■ **TASK REQUIREMENTS**
What is needed is a verbatim copy of the data, minus the pictures.

■ **DATA SECTION**
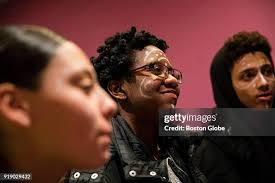 Nia Ramos, left Dainika Balan and Jayden Pontes students from Boston...  News Photo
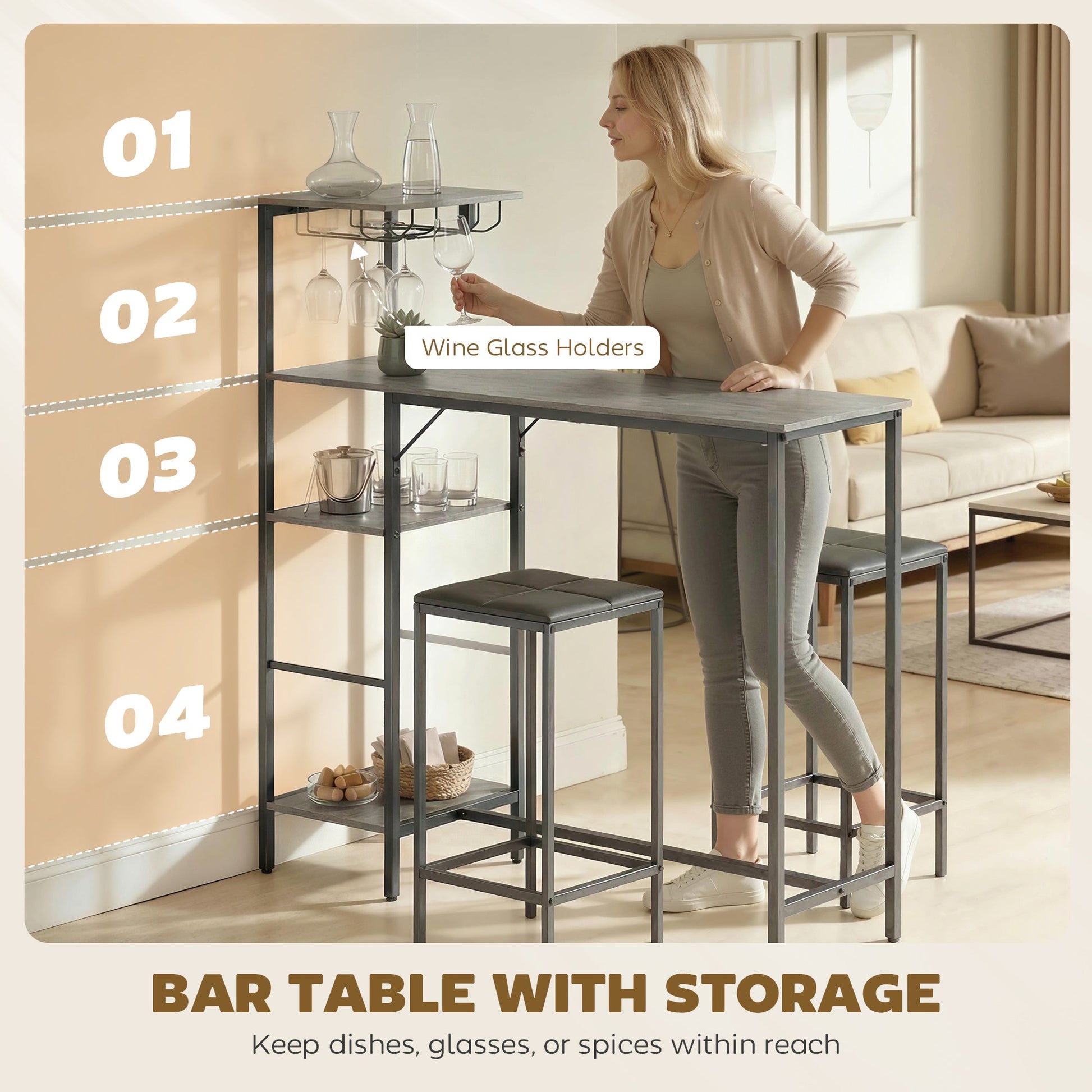 3 Piece Breakfast Bar Table and Stools Set, Dining Table with 4-tier shelving and Glasses Holders, 2 PU Leather Bar Stools with Footrest for Kitchen, Dining Room, Pub, Washed Grey
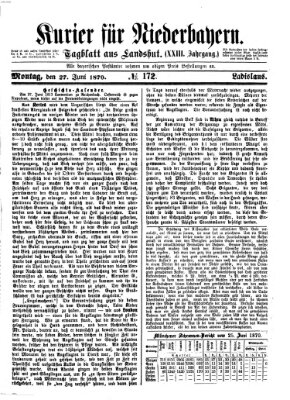 Kurier für Niederbayern Montag 27. Juni 1870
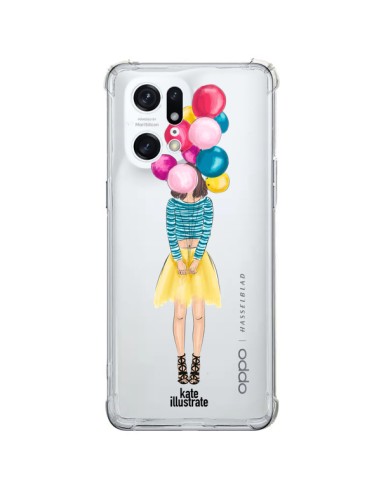 Cover Oppo Find X5 Pro Ragazza Palloncini Trasparente - kateillustrate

■ **SOLUTION FOR THIS PROBLEM**
 Nia Ramos, left Dainika Balan and Jayden Pontes students from Boston...  News Photo
 3 Piece Breakfast Bar Table and Stools Set, Dining Table with 4-tier shelving and Glasses Holders, 2 PU Leather Bar Stools with Footrest for Kitchen, Dining Room, Pub, Washed Grey
 Kurier für Niederbayern Montag 27. Juni 1870
 Cover Oppo Find X5 Pro Ragazza Palloncini Trasparente - kateillustrate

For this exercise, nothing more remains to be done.